His eyes flick to mine again. Something deliciously dark lurks there. But just as fast as it came, he shoves it back, and clears his throat to argue with me again. Before he can say another word, I backhand him across the face.
And then everything changes. In one moment, that darkness comes rushing back into his eyes, his jaw muscle tightens into a knot, and his crotch hardens against my shorts. I release my TK hold on him. It's like un-caging a beast.
He lifts me bodily, like some kind of doll, and throws me on my back against the sand. The force of the slam is more than I'm prepared for, and it knocks the wind out of me. His knees land on either side of my hips. He kisses me, powerfully, passionately, almost savagely, and the taste of my blood throws all thoughts from both our minds.
The desert night is cool. The sweet smell of Rachel is all around me, and it's down-right intoxicating. Her head's restin' on my chest and my brain's spinnin'.

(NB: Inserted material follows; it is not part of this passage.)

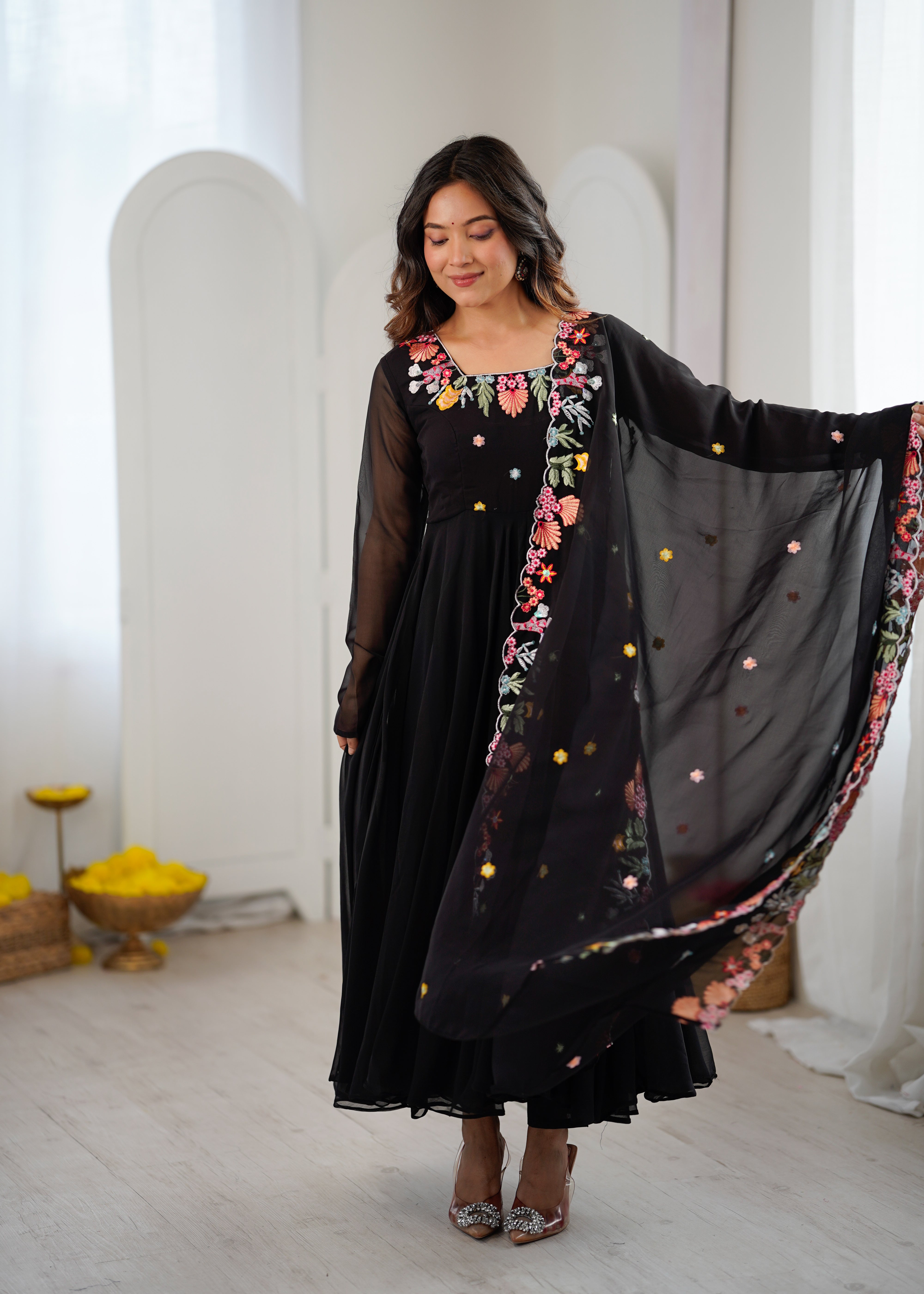 Classic Black Faux Georgette Embroidered Anarkali Gown Set with Dupatta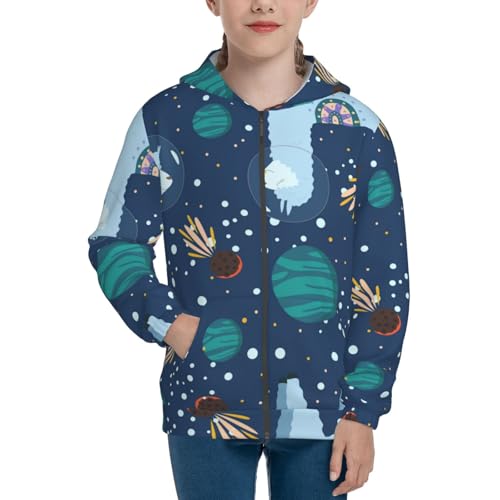 Alpaca Astronaut in Space Kids Pullover Hoodies Boys Zip Up Sweatshirts Girls Athletic Clothes with Pocket3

What the fuck just happened? That's the second time those words have gone through my head in 'bout sixty minutes. Life's about to get damn interesting. I don't know if this is a good idea. No doubt she's amazin' in the sack, but this is a whole new level of complicated, ever for me, and the last thing I need is a bigger dose o' complicated!
And then my mind really wanders. I start combin' through old memories. I think on the years I spent wanderin' through the wilderness, my humanity completely lost, the years I was trapped by S.H.I.E.L.D., bouncin' back and forth between their human guinea pig and their living weapon, the years I wasted with the lame-ass Brotherhood, followin' Magneto 'round like his brainwashed fuckin' bodyguard, and all the many years I had to run from one country to the next, dodgin' military soldiers, national defense specialists, organized crime moguls, and my own personal enemies. Life's always interestin', I decide. Besides, I'm not gonna complain 'cause this beautiful fuckin' sex kitten wants to be my Frail.

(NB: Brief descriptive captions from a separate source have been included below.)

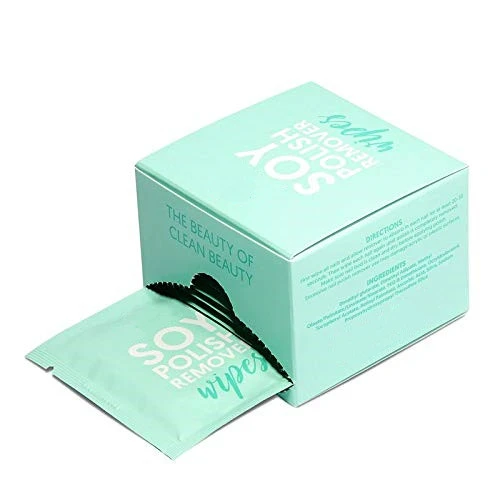 OEM Private Label Soy Bean Nail Polish Remover Wipes - Acetone Free Unscented, Vitamin A, C, E Oil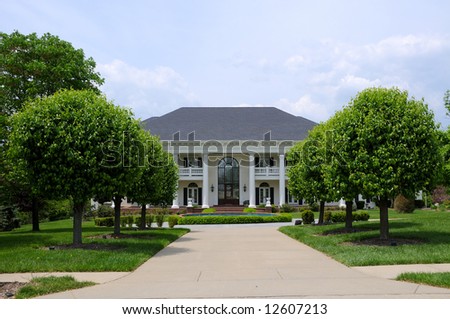 White Brick Southern Mansion In Kentucky USA in Summer
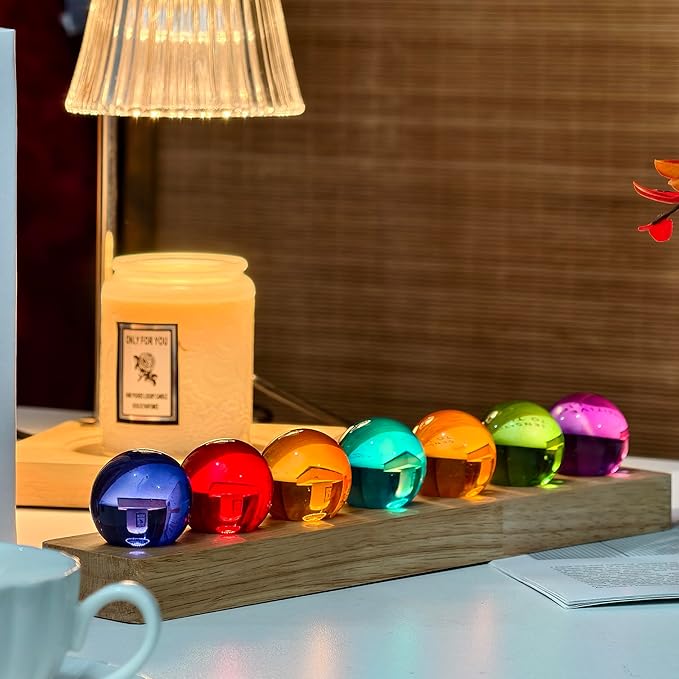 7pcs 40mm Multicolor Crystal Solid Ball Glass Spheres with LED Wooden Base Night Light Decoration Healing Sphere Balls with Stand for Home Living Room - Decorative Balls for Dinner Party Centerpiece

"You weren't bad yourself," she murmurs, "but what's a 'frail'?"
"What?"
"You're always changing my name." I look at her for second, wonderin' what the hell she's talkin' 'bout.

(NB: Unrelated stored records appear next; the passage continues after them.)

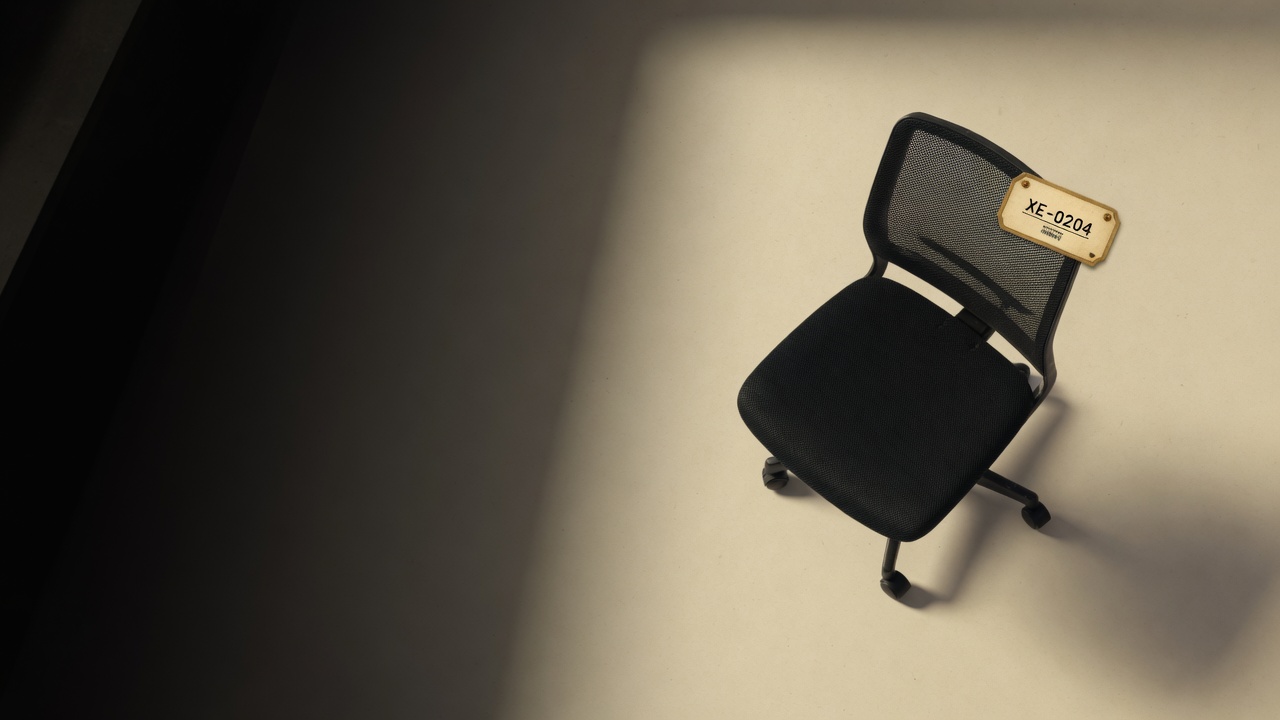 Office chair with asset tag XE-0204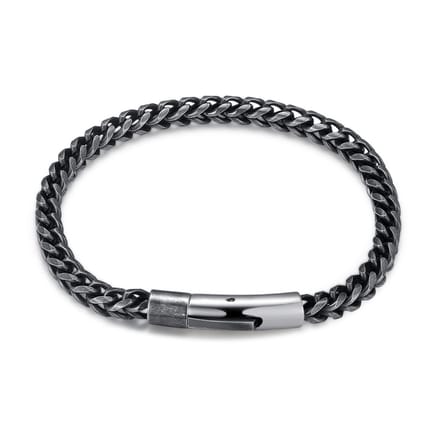 Twice As Nice Armband in edelstaal, vierkante grijze schakel 21cm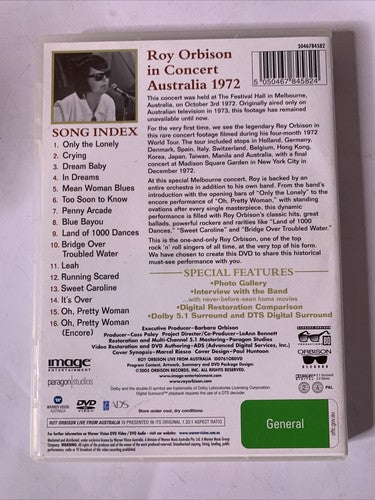 Roy Orbison – Live From Australia (DVD, 1973) All Regions NEW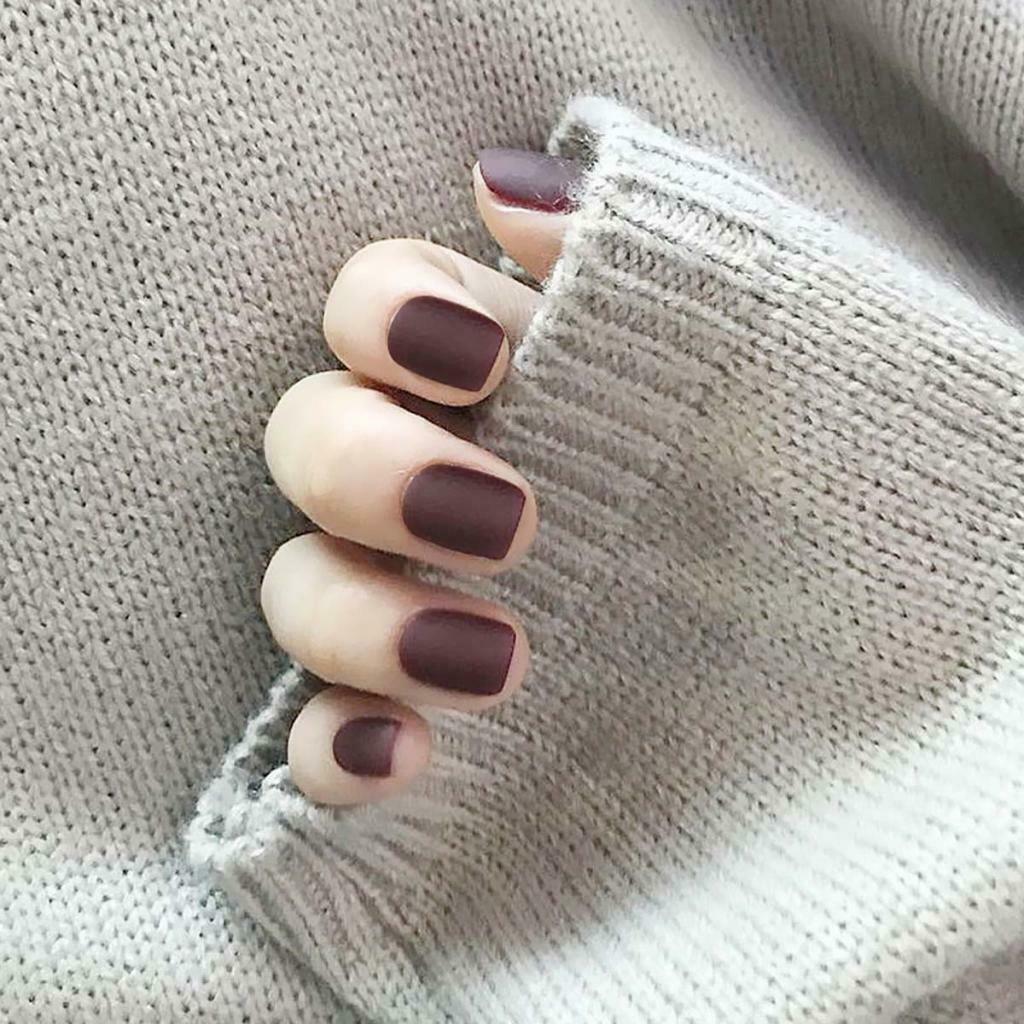 24Pcs Matte Ballerina Coffin Nails Full Cover Short False Nails Art Tips Set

"Your name for me," she goes on. "When you first brought me home, you wouldn't call me anything. After a while, you starting giving me nicknames—anything from 'Pup' to 'Red'. You just said I wanted to be your 'Frail'. What's a Frail?"
The question catches me off-guard. Several things pop into my head all at once, and I can feel her there, readin' every one of those thoughts in a second. The first image is of some whore, bleedin' all over the place, about to die to satisfy my blood lust. The last one is of Raven, naked and stradlin' me in bed, her hands on my chest, throwin' back her red hair with a laugh. I don't even know where to begin my answer. Then it occurs to me that, literally minutes after our first time, I'm already bein' asked uncomfortable questions. "Er-"
She giggles into my shoulder. Amazing. I'm waitin' for the start of a fight, and here she's laughin'. "Relax, Victor," she chuckles. "I'm not asking you to define the relationship or anything. It was just a name I hadn't heard before." She kisses one of my ribs.
My ears pick up choppers about two miles out. "Sounds like time to get goin'."